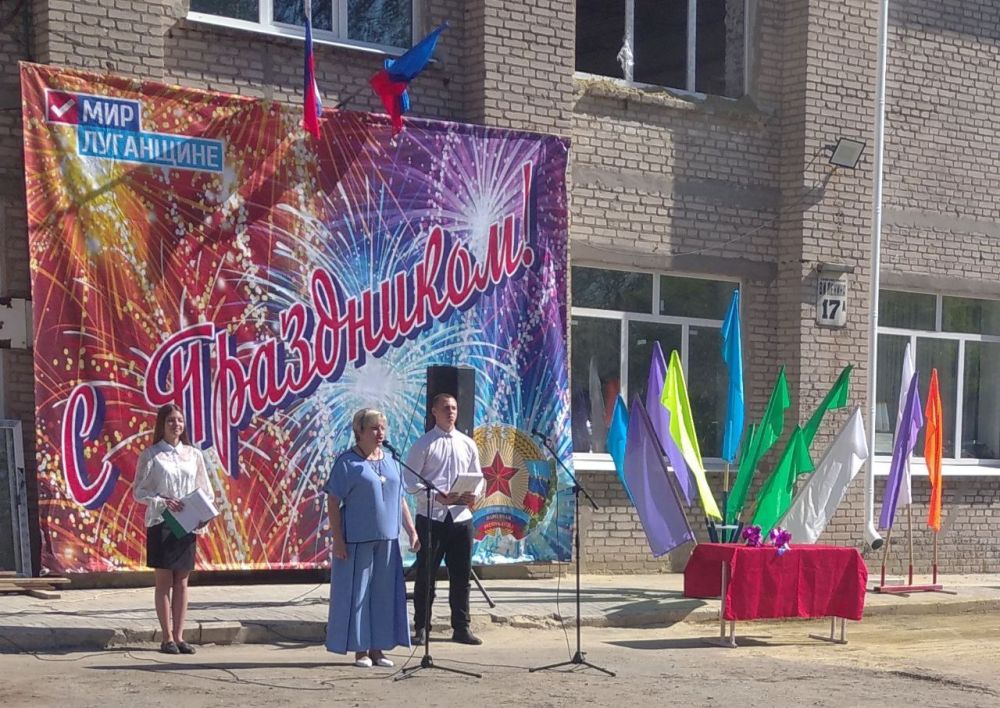 Председатель Совета Славяносербского муниципального округа, заместитель Секретаря местного отделения партии «Единая Россия» Антонина Гречишкина: «Низкий поклон учителям, которые учили настоящим жизненным ценностям, прививали... Председатель Совета Славяносербского муниципального округа, заместитель Секретаря местного отделения партии «Единая Россия» Антонина Гречишкина: «Низкий поклон учителям, которые учили настоящим жизненным ценностям, прививали...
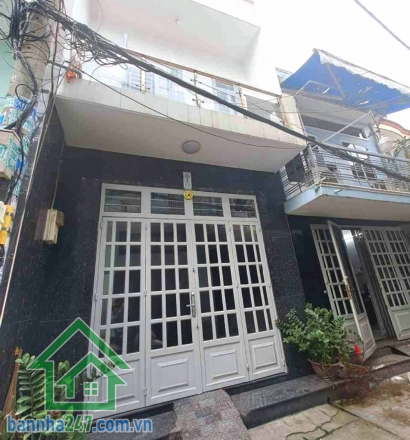 CHỈ 5,2 TỶ – KHU CHỢ VẢI TÂN PHÚ – 3 TẦNG – XE HƠI ĐỖ CỔNG – 32M² – HI.ẾM NH.À B.ÁN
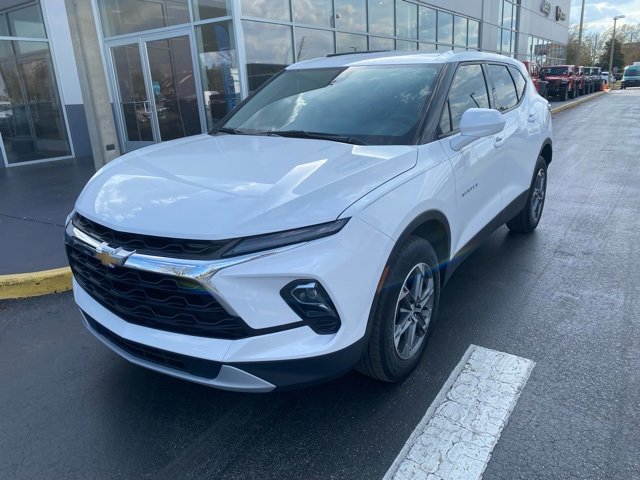 Used 2023 Chevrolet Blazer LT image 4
* * *
Action item
In your copy of the material, match every word exactly and include no pictures.

Written response
 Председатель Совета Славяносербского муниципального округа, заместитель Секретаря местного отделения партии «Единая Россия» Антонина Гречишкина: «Низкий поклон учителям, которые учили настоящим жизненным ценностям, прививали... Председатель Совета Славяносербского муниципального округа, заместитель Секретаря местного отделения партии «Единая Россия» Антонина Гречишкина: «Низкий поклон учителям, которые учили настоящим жизненным ценностям, прививали...
 CHỈ 5,2 TỶ – KHU CHỢ VẢI TÂN PHÚ – 3 TẦNG – XE HƠI ĐỖ CỔNG – 32M² – HI.ẾM NH.À B.ÁN
 Used 2023 Chevrolet Blazer LT image 4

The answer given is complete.